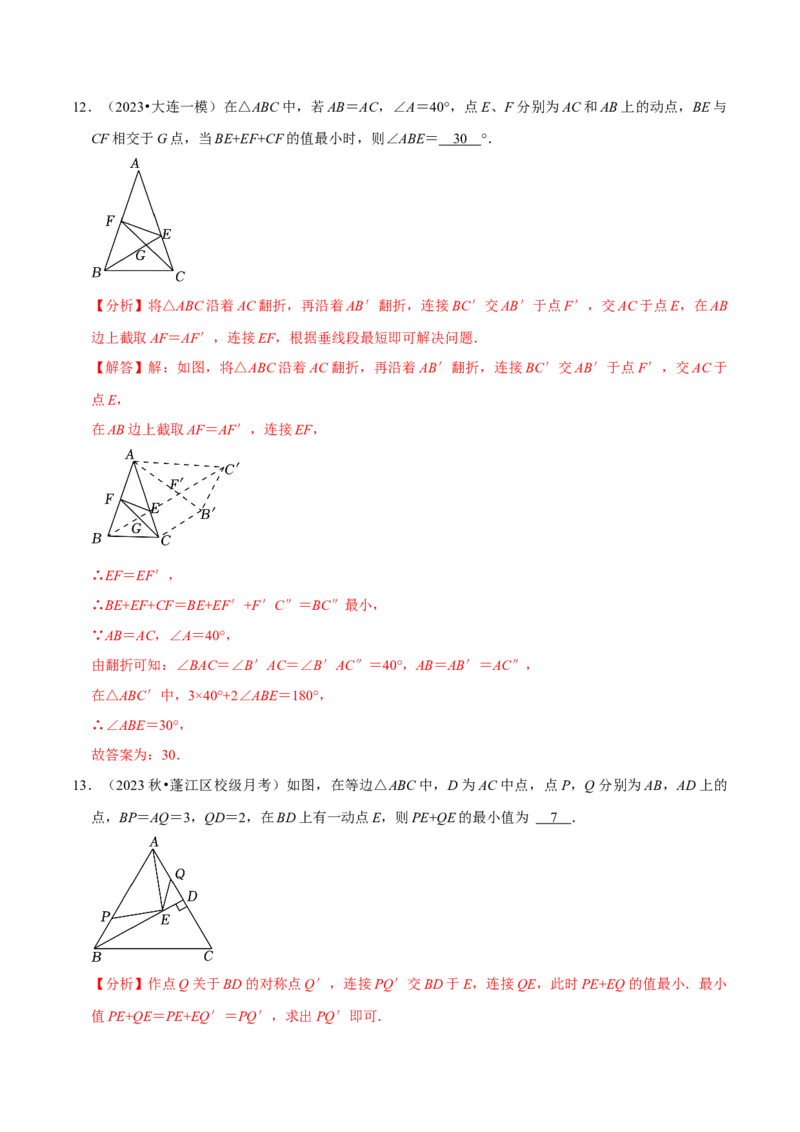 专题4.8轴对称最值问题必考两大类型（必考点分类集训）（人教版）（教师版）_初中数学_八年级数学上册（人教版）_考点分类必刷题-U181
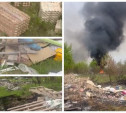 В Заречье на Фестивальной туляки обнаружили огромную горящую свалку мусора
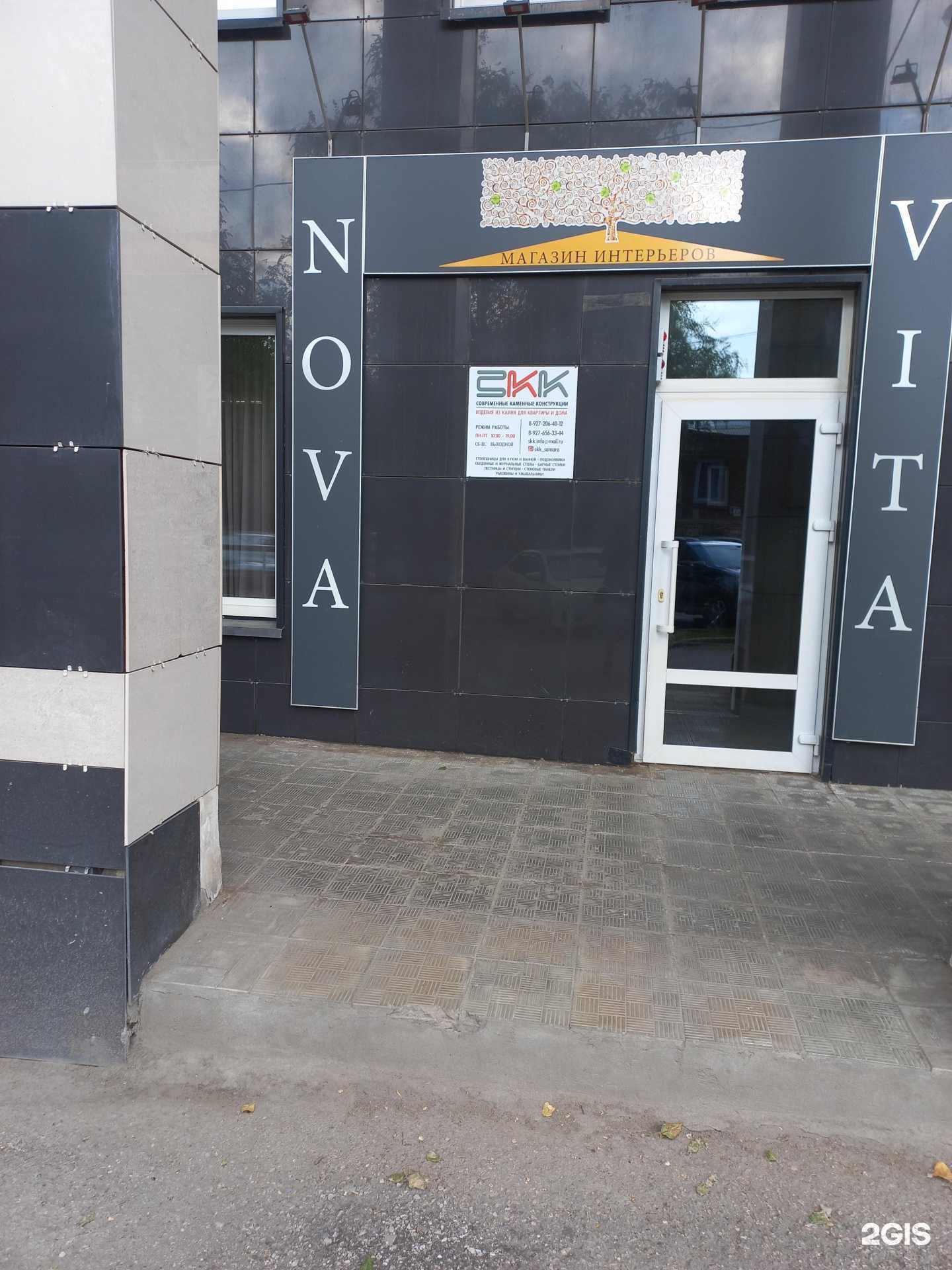 Отзывы на компанию Современные Каменные Конструкции в Самаре c фото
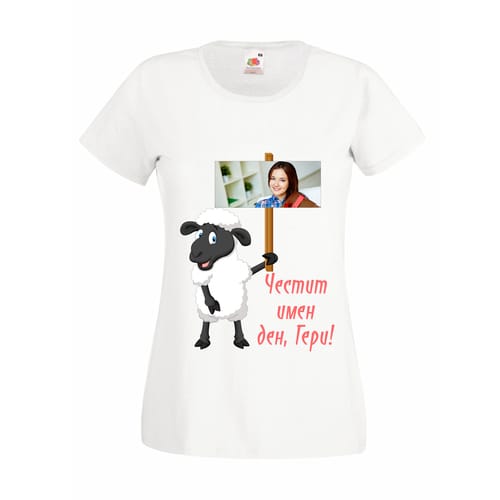 Дамска полиестерна тениска с ваша снимка за Гергьовден, вариант - 2
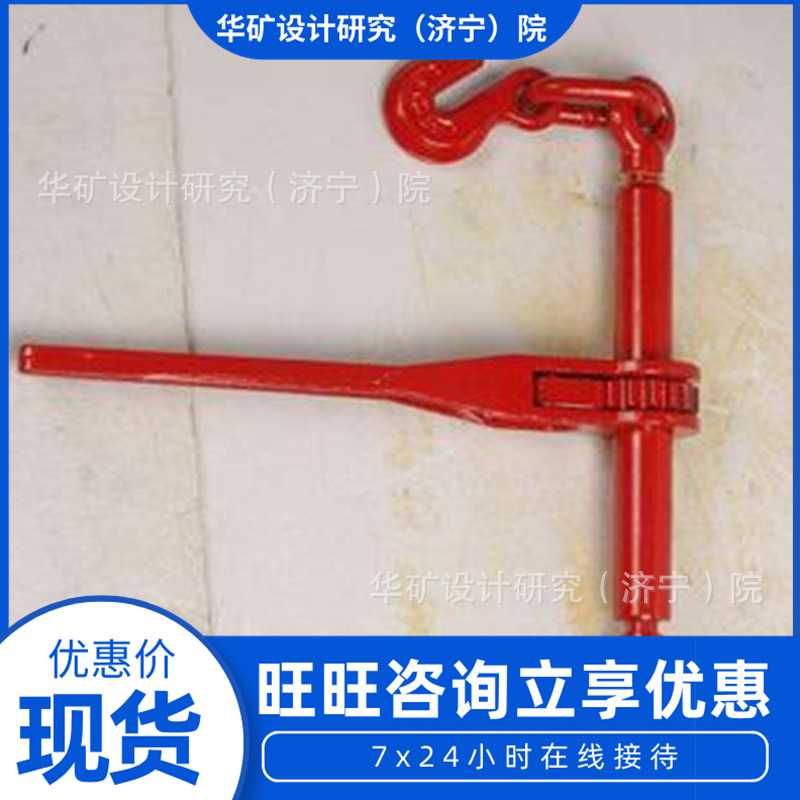 量大从优棘轮封车器 管道辅设用棘轮封车器 3/8-1/2棘轮封车器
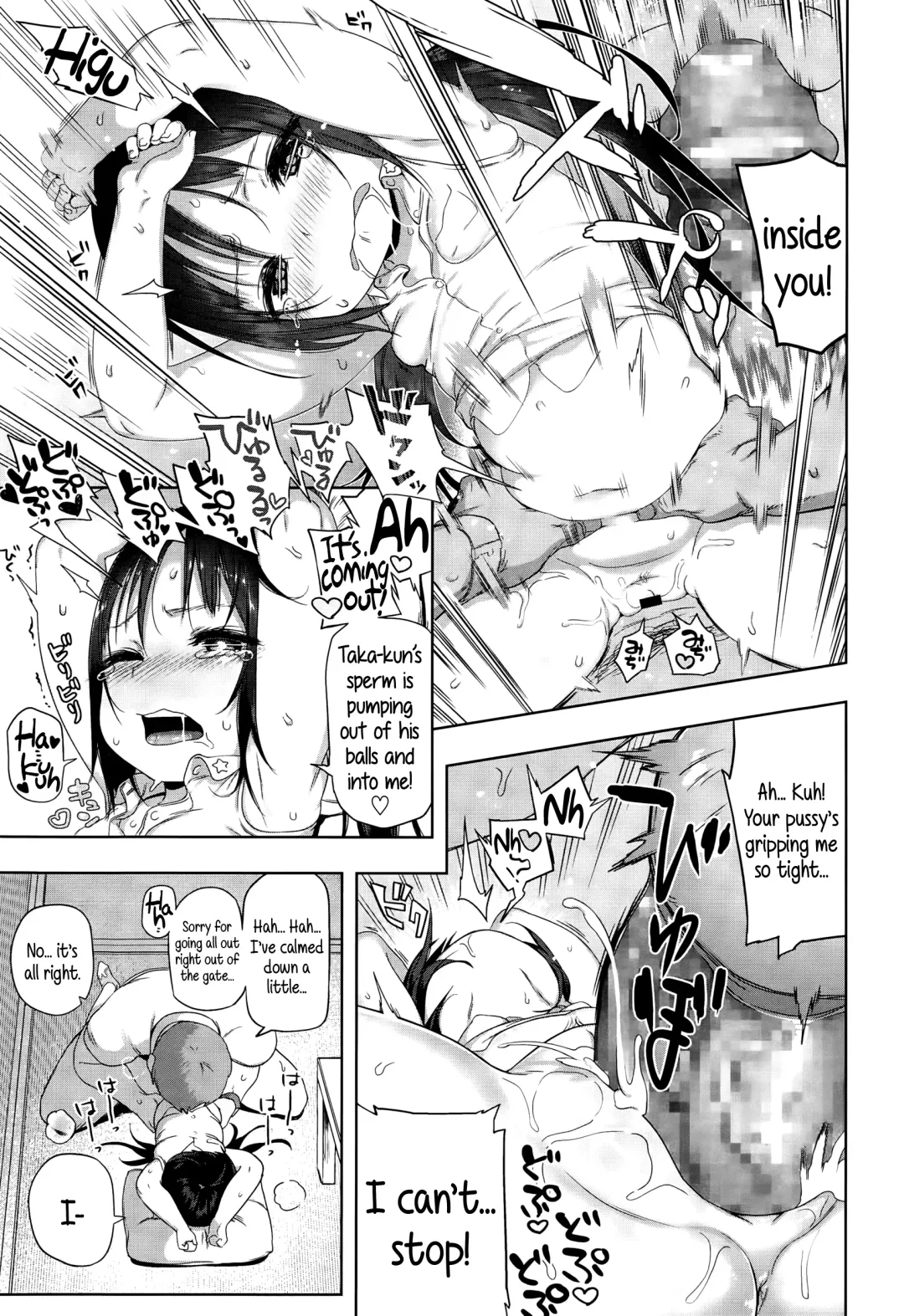 [Atte Nanakusa] Omatsuri Maeni | Before the Festival Fhentai - Page 15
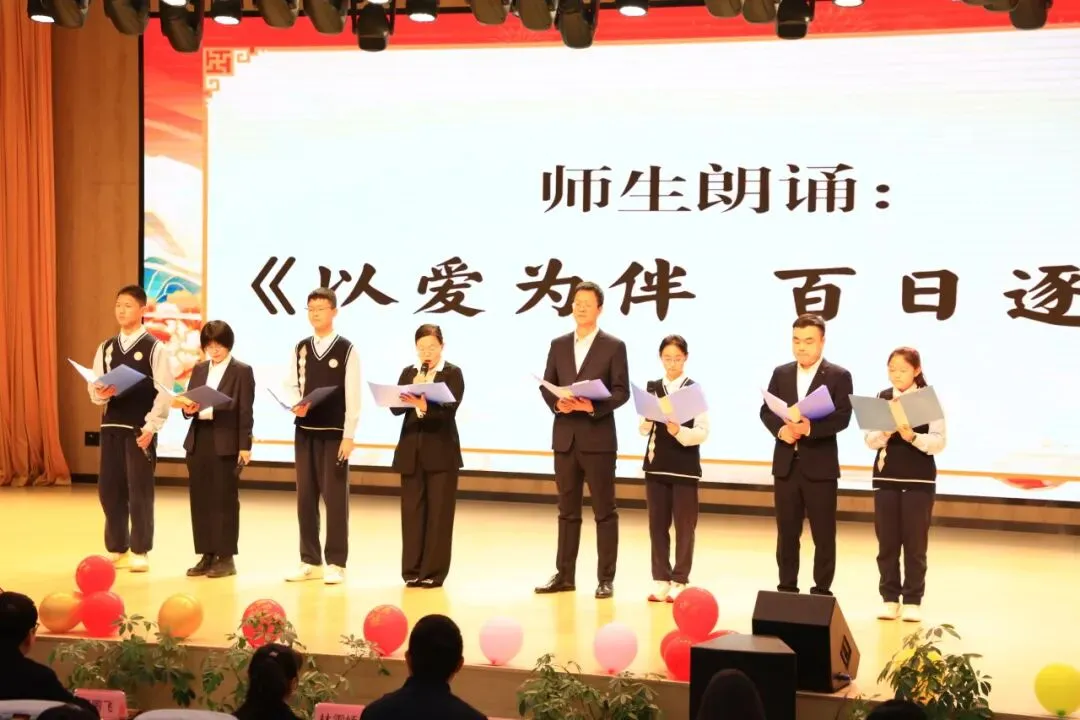 赴百日征程 筑中考梦想 第12张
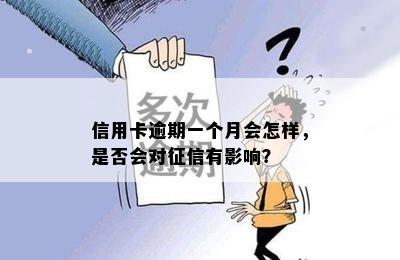 信用卡逾期一个月会怎样，是否会对征信有影响？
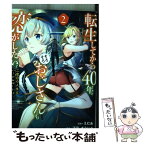 【中古】 転生してから40年。そろそろ、おじさんも恋がしたい。 二度目の人生はハーレムルート！？ 2 / えむあ / アース・スターエンタ [コミック]【メール便送料無料】【あす楽対応】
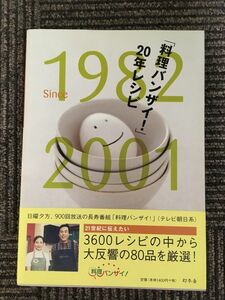 　「料理バンザイ!」20年レシピ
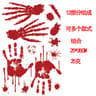 Blood Trail Halloween Window Clings And Bloody Handprint Stickers 16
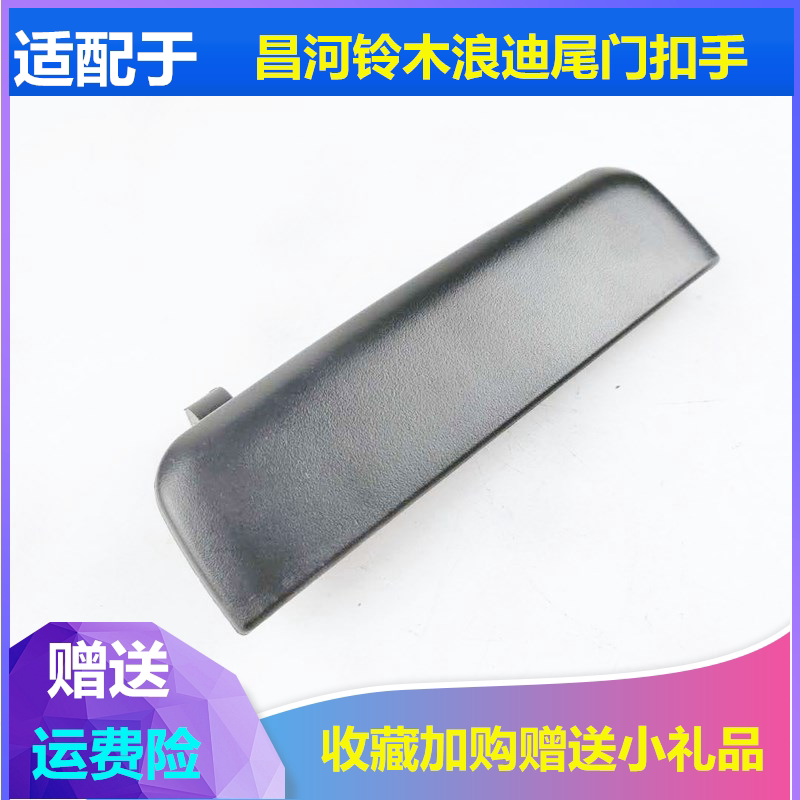 适配昌河铃木浪迪后门拉手朗迪拉手尾门外拉手后扣手行后备箱把手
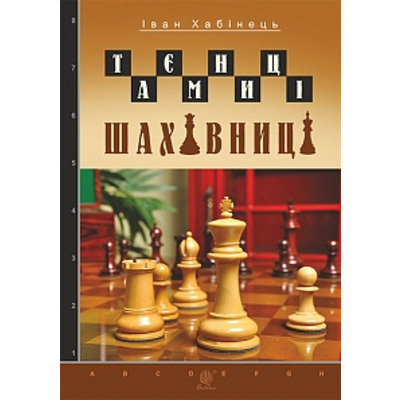 Таємниці шахівниці Зображення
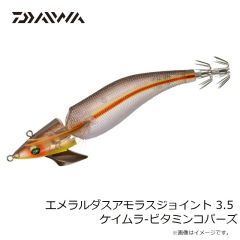 ダイワ　エメラルダスアモラスジョイント 3.5 ケイムラ-ビタミンコパーズ
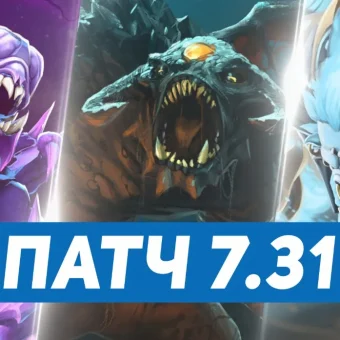 Патч 7.31 в Dota 2: основные изменения и балансировка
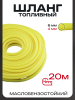Шланг топливный Ø4mm, 20 метров (силиконовый, желтый) "BEEZMOTO"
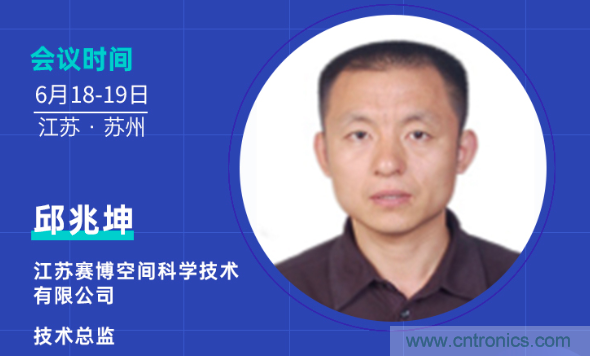無懼疫情！2020汽車雷達和汽車視覺前瞻技術展示交流會圓滿落幕！ 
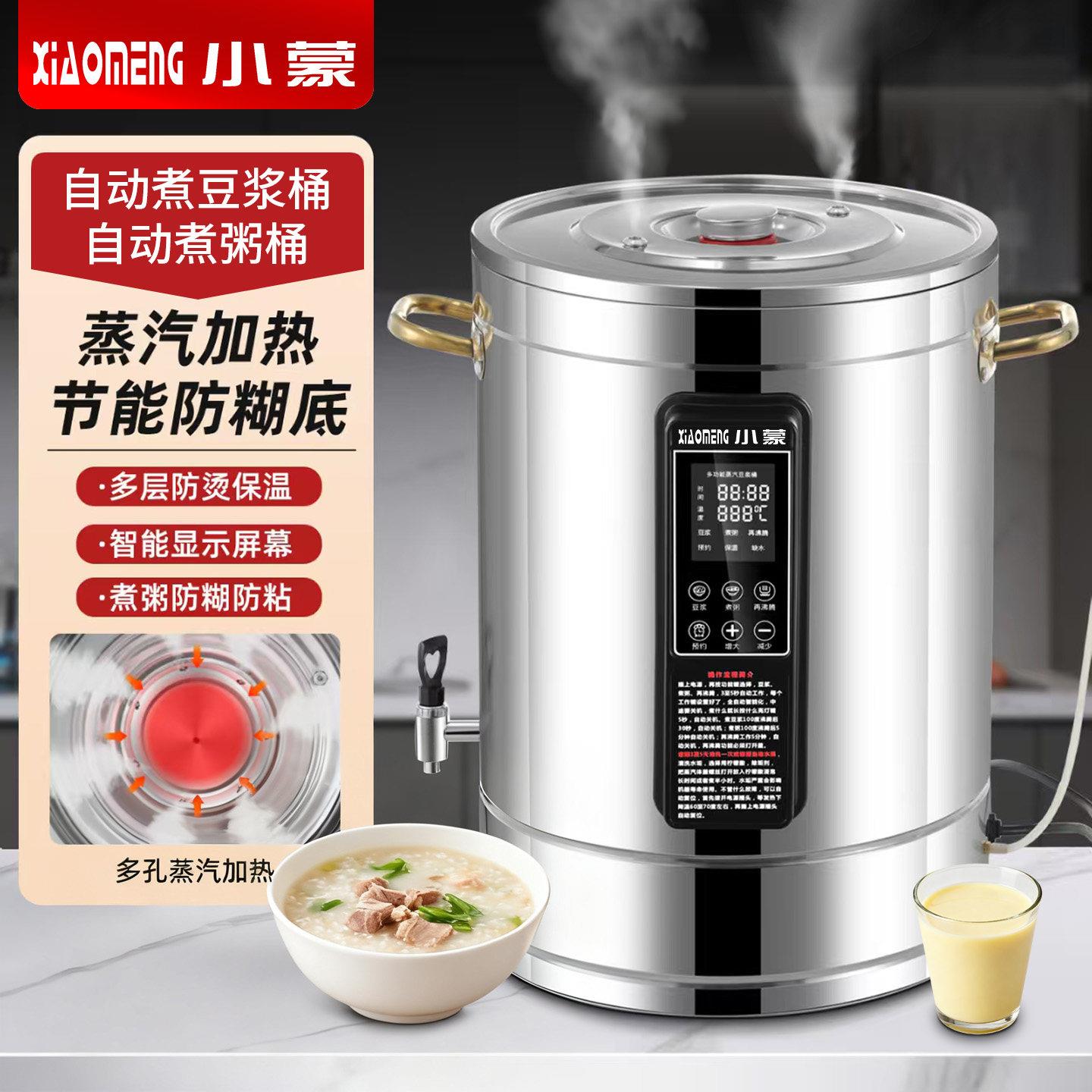 小蒙全自动商用豆浆机早餐店用大容量自动磨煮一体加热免滤磨浆机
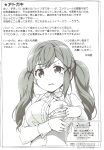 (C93) [Heart Manju Mania (Akata Izuki, Matsumori Shou)] Ero Yoro? 6 Kirakira Dokidoki Style (BanG Dream!)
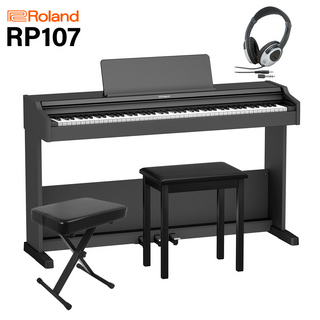 Roland RP107 BK 電子ピアノ 88鍵盤 ママ椅子セット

**PROBLEM TO SOLVE**.
Reproduce the entries above word for word. Pictures stay out.

**ANSWER SECTION**.
 专题4.8轴对称最值问题必考两大类型（必考点分类集训）（人教版）（教师版）_初中数学_八年级数学上册（人教版）_考点分类必刷题-U181
 В Заречье на Фестивальной туляки обнаружили огромную горящую свалку мусора
 Отзывы на компанию Современные Каменные Конструкции в Самаре c фото
 Дамска полиестерна тениска с ваша снимка за Гергьовден, вариант - 2
 量大从优棘轮封车器 管道辅设用棘轮封车器 3/8-1/2棘轮封车器
 [Atte Nanakusa] Omatsuri Maeni | Before the Festival Fhentai - Page 15
 赴百日征程 筑中考梦想 第12张
 信用卡逾期一个月会怎样，是否会对征信有影响？
 【中古】 転生してから40年。そろそろ、おじさんも恋がしたい。 二度目の人生はハーレムルート！？ 2 / えむあ / アース・スターエンタ [コミック]【メール便送料無料】【あす楽対応】
 　「料理バンザイ!」20年レシピ
 Blood Trail Halloween Window Clings And Bloody Handprint Stickers 16
 适配昌河铃木浪迪后门拉手朗迪拉手尾门外拉手后扣手行后备箱把手
 Таємниці шахівниці Зображення
 ダイワ　エメラルダスアモラスジョイント 3.5 ケイムラ-ビタミンコパーズ
 Патч 7.31 в Dota 2: основные изменения и балансировка
Шланг топливный Ø4mm, 20 метров (силиконовый, желтый) "BEEZMOTO"
無懼疫情！2020汽車雷達和汽車視覺前瞻技術展示交流會圓滿落幕！ 
 小蒙全自动商用豆浆机早餐店用大容量自动磨煮一体加热免滤磨浆机
 (C93) [Heart Manju Mania (Akata Izuki, Matsumori Shou)] Ero Yoro? 6 Kirakira Dokidoki Style (BanG Dream!)
 Roland RP107 BK 電子ピアノ 88鍵盤 ママ椅子セット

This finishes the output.